KFP Pipelines Runtime
The KFP runtime allows you to run workflows within the platform.
The runtime introduces a workflow of kind kfp and a task of kind pipeline.
Prerequisites
Python version and libraries:
python >= 3.9, <3.13digitalhub-runtime-kfp
The package is available on PyPI:
Overview
Use a workflow's run() method to build and execute Kubeflow Pipelines. The typical flow is:
- Define the functions to be executed (these may belong to other runtimes).
- Implement a pipeline function (see pipeline definition).
- Build the pipeline with
run(action="build")(required). - Execute the pipeline with
run(action="pipeline"); the runtime will step through the KFP ContainerOps.
Warning
The KFP runtime will be removed in version 0.15.0 of the SDK. Please migrate to the Hera runtime for workflows.
Pipeline definition
To define a pipeline you need to define a function with the def keyword. You can give the function a name and declare its arguments as usual. From digitalhub_runtime_kfp.dsl import pipeline_context. It's a context-manager object that lets you order the steps of execution and chain inputs and outputs. Once you write the pipeline function, store it in a .py file.
When defining the steps inside the pipeline, also specify inputs, outputs, parameters and values for the steps.
Step parameters
| Parameter | Type | Example | Description |
|---|---|---|---|
| name | str | "download" | Name of the step |
| function | str | "downloader-funct" | Name of the dh function to execute. It must exist in the dh project context |
| action | str | "job" | Action to execute |
| inputs | dict | {"url": "dataitem_key", "dataset": previous_step.outputs["some_key"]} | Input dh parameters keys (dataitems, artifacts, models).
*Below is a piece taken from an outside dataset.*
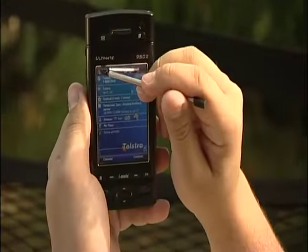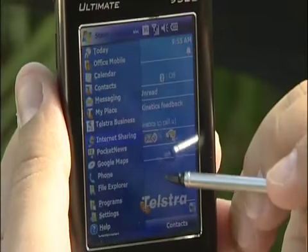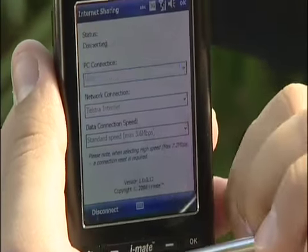Three clicks and you're online. Click Programs, click Internet Sharing, then click Connect and you're away.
The syntax for the inputs is the same as in the kfp package when it comes to link an output step to an input. |
| outputs | dict | {"dataset": "dataset"} | Dh outputs mapped |
| parameters | dict | {"param": "value"} | Function generic parameters |
| values | list | ["val1", "val2"] | List of non dh outputs referenced as strings |
Workflow definition example
from digitalhub_runtime_kfp.dsl import pipeline_context
def myhandler(url):
# Use pipeline_context() manager
with pipeline_context() as pc:
# Define first step
step1 = pc.step(name="download", # Name of the step 1
function="downloader-funct", # Name of the dh function to execute
action="job", # Action to execute
inputs={"url": url}, # Input parameters
outputs={"dataset": "dataset"}) # Mapped outputs
step2 = pc.step(name="extract_parking", # Name of the step 2
function="extract-parkings", # Name of the dh function to execute
action="job", # Action to execute
inputs={"di": step1.outputs['dataset']}, # Input parameters from previous step
outputs={"parkings": "parkings"}) # Mapped outputs
Workflow
The KFP runtime introduces a function of kind kfp.
Workflow parameters
| Name | Type | Description | Default |
|---|---|---|---|
| project | str | Project name. Required only if creating from library, otherwise MUST NOT be set | |
| name | str | Name that identifies the object | required |
| kind | str | Workflow kind | required |
| uuid | str | ID of the object in form of UUID4 | None |
| description | str | Description of the object | None |
| labels | list[str] | List of labels | None |
| embedded | bool | Whether the object should be embedded in the project. | True |
| code_src | str | URI pointer to source code | None |
| code | str | Source code (plain text) | None |
| base64 | str | Source code (base64 encoded) | None |
| handler | str | Function entrypoint | None |
| lang | str | Source code language (hint) | None |
| image | str | Image where the workflow will be executed | None |
| tag | str | Tag of the image where the workflow will be executed | None |
Workflow kinds
The kind parameter must be one of the following:
kfp
Workflow example
# From project ...
workflow = project.new_workflow(name="workflow",
kind="kfp",
code_src="pipeline.py",
handler="handler")
# .. or from sdk
workflow = dh.new_workflow(project="my-project",
name="workflow",
kind="kfp",
code_src="pipeline.py",
handler="handler")
Task
The KFP runtime introduces a task of kind pipeline that allows you to run a workflow.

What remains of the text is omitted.